Task to carry out. Begin the copy at the line containing "1305 Nw 2nd Ave Apt 2 - Photo 7 of 8" and end it at the final line of the material below, reproducing each line exactly, without images.

Information shown.
□ □ □

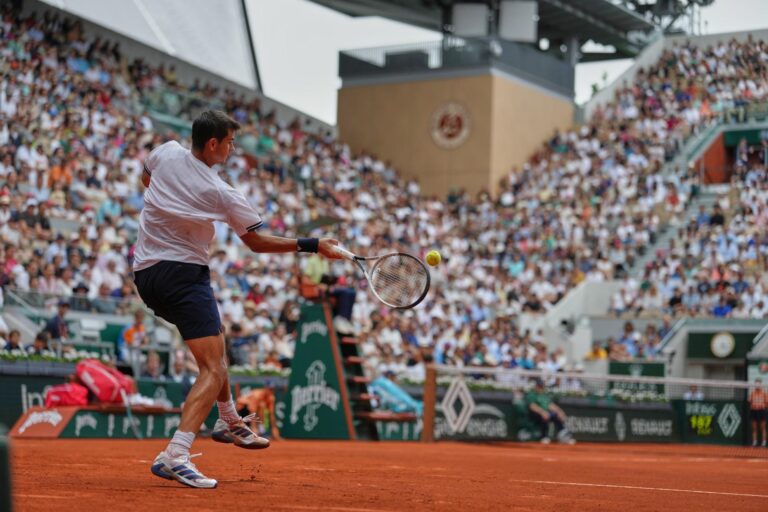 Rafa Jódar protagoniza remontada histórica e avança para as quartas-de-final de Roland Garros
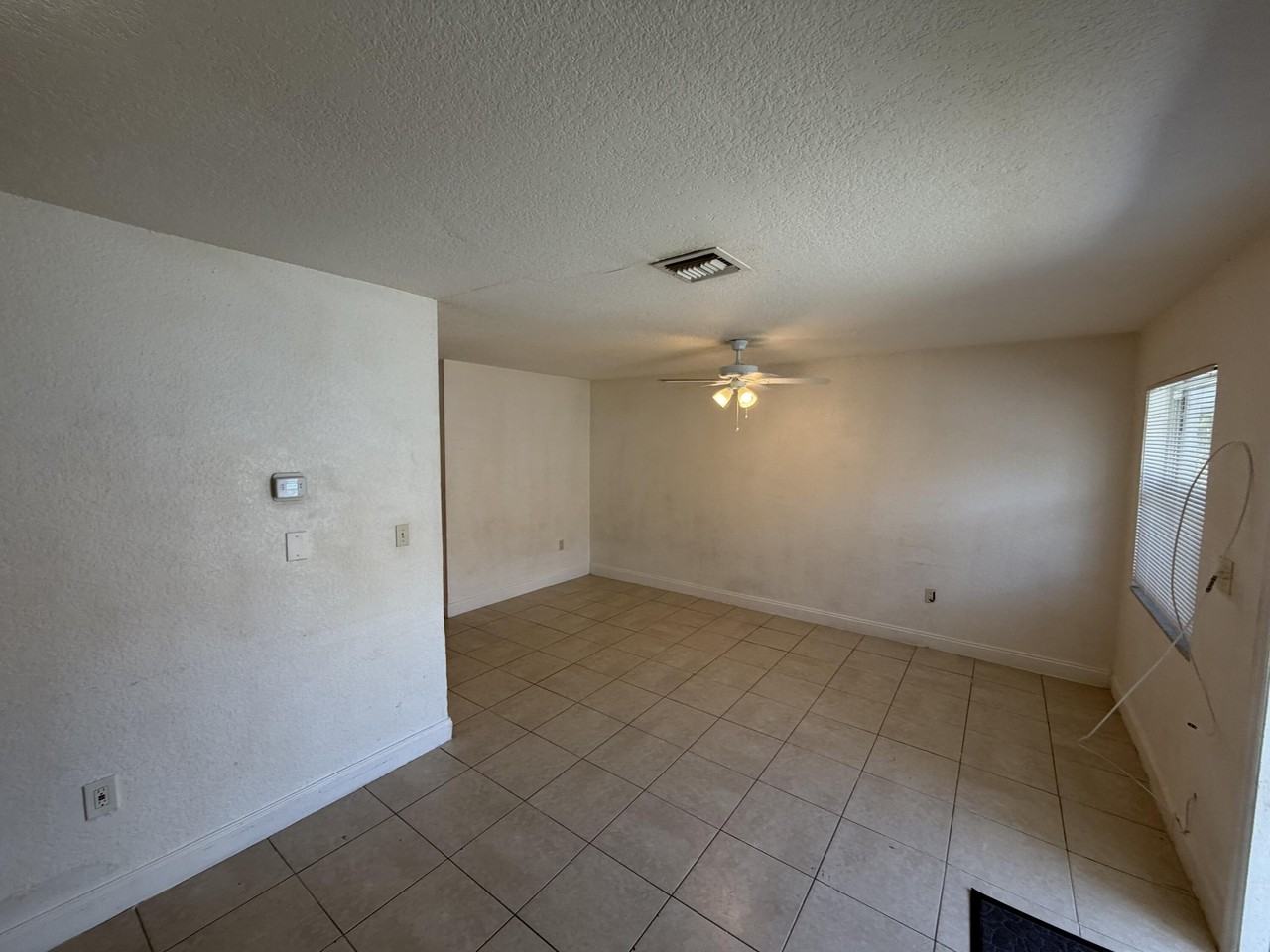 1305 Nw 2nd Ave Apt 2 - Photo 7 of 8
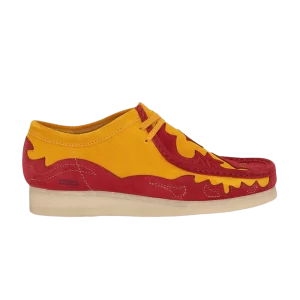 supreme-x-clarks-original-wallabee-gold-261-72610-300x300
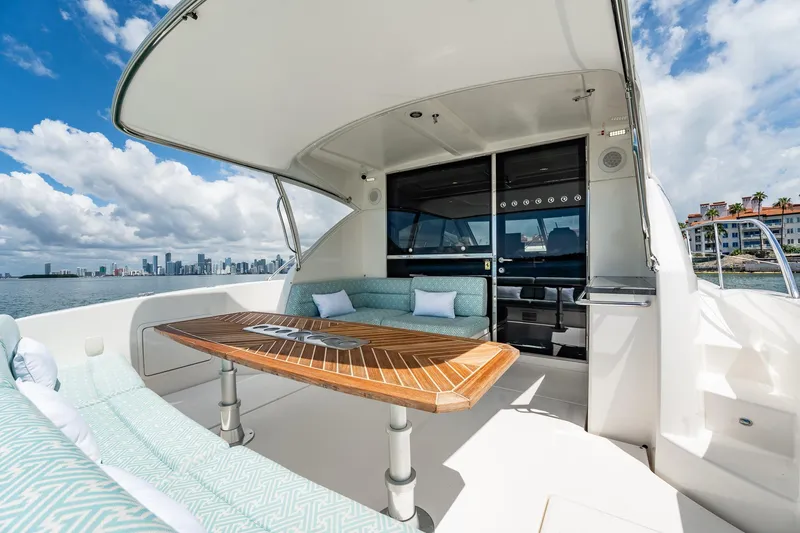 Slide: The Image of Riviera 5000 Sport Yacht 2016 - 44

□ □ □

Task result.
 1305 Nw 2nd Ave Apt 2 - Photo 7 of 8
 supreme-x-clarks-original-wallabee-gold-261-72610-300x300
 Slide: The Image of Riviera 5000 Sport Yacht 2016 - 44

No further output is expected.